There is an old banking saying: If you borrow a million dollars from a bank, the bank essentially owns you. But if you borrow $10 billion, you own the bank. That’s because the bank can foreclose on your measly million-dollar loan without much pain on its side, but the bank would have trouble surviving if it wrote off a $10 billion loss. The bank is forced to work with a large borrower, and maybe renegotiate terms. But the million-dollar borrower is out of luck because the bank has all the power at that dollar level.

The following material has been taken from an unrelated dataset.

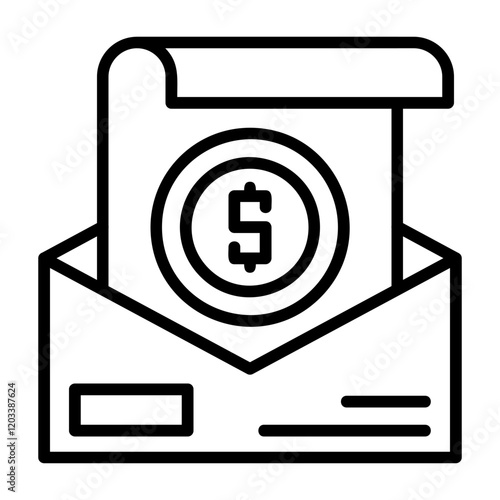 Earnings Icon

This reminds me a lot of Trump’s strategy of sucking all the energy out of the news cycle until his competition had no way to breathe. If Trump had tiptoed into the election, the mainstream media would have owned him. And they would have treated him like a clown, before moving on to talk about his competition. So Trump didn’t tiptoe. He went in so hard, and so provocatively, that the media had no economic choice but to focus on him. He was pure gold for the press. And because of that, he came to own them, at least in the limited sense of dominating their news cycle.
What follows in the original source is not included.